In a global economy moving away from carbon-intensive fossil fuels, renewable energy projects offer an increasingly affordable and clean alternative that marks an important advance in environmental sustainability. But from human rights and governance perspectives, the developers of wind, solar, hydroelectric and biomass projects face a number of significant challenges. As we reflected during recent discussions at the IFC Sustainability Exchange, it struck us that these projects could stand to benefit from some of the hard lessons learned in the extractives sector.
When deciding to extract non-renewable resources, governments must weigh significant community impacts against the potential for transformative economic benefits (which can be difficult to fully realize). Many of the same strategic considerations apply to solar, wind, and hydropower projects. For example, conflicts have arisen over windfarms’ need to appropriate large tracts of land and large hydropower projects have long been contested due to community displacement and ecosystem destruction.
In order to help address these concerns, standards for free, prior and informed consent (FPIC) have become central to consultation approaches in oil, gas, and mining projects and in many large renewable energy projects.
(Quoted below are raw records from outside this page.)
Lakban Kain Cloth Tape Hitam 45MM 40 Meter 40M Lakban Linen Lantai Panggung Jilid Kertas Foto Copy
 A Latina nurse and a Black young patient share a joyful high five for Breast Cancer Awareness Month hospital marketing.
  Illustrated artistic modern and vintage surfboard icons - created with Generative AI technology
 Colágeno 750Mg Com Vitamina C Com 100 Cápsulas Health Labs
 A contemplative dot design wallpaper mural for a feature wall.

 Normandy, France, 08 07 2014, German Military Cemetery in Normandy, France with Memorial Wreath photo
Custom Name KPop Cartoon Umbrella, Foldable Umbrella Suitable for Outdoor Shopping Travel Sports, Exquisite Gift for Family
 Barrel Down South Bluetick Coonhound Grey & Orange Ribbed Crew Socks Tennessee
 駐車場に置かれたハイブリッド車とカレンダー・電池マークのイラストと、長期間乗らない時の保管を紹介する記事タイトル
At a recent forum on human rights and renewables held by the Business and Human Rights Resource Center (BHRRC), experts from the Natural Resource Governance Institute collaborated with other experts to map out the risks common to both the extractives and renewables industries. Groups like BHRRC are focusing attention on how FPIC policies should be implemented in clean energy projects.
It has also become clear that extractives projects need to be buttressed by strong national governance frameworks, as recommended in the first two precepts of our Natural Resource Charter and related benchmarking framework questions on assessing extractives governance. International norms—like the Extractive Industries Transparency Initiative—aim to support these domestic measures. In the clean energy sector, the Electricity Governance Initiative of the World Resources Institute has developed a set of core principles for good governance (transparency, accountability, participation, capacity) and 10 key policy questions to ask about large-scale renewable energy policies. As countries approach low-carbon transitions, it will be worth exploring linkages between national strategy recommendations that are similar across the renewables and extractives sectors.
According to the 2017 Renewables Global Status Report, tenders are the most rapidly growing mechanism for the deployment of large-scale renewable energy projects. The International Renewable Energy Association (IRENA) has issued guidance on best practices for renewable energy auctions in developing countries. But the renewables sector has largely focused on tendering transparency that ensures bidding companies have full information about the process. While this is also important in the extractive sector, corruption scandals have resulted in greater attention to transparency for the public about extractives tender processes, licenses and contracts to enable civil society and media scrutiny and to facilitate accountability. The generous tax benefits, technical complexity and potential for rent seeking in the renewables sector has already indicated the potential for corruption and resulted in scandals in countries ranging from South Africa to Italy. To help keep dirty business out of clean energy tenders, the renewables sector could benefit from the transparency norms, lessons on risk factors and guidance on screening for corruption risks that have developed around extractive sector licensing.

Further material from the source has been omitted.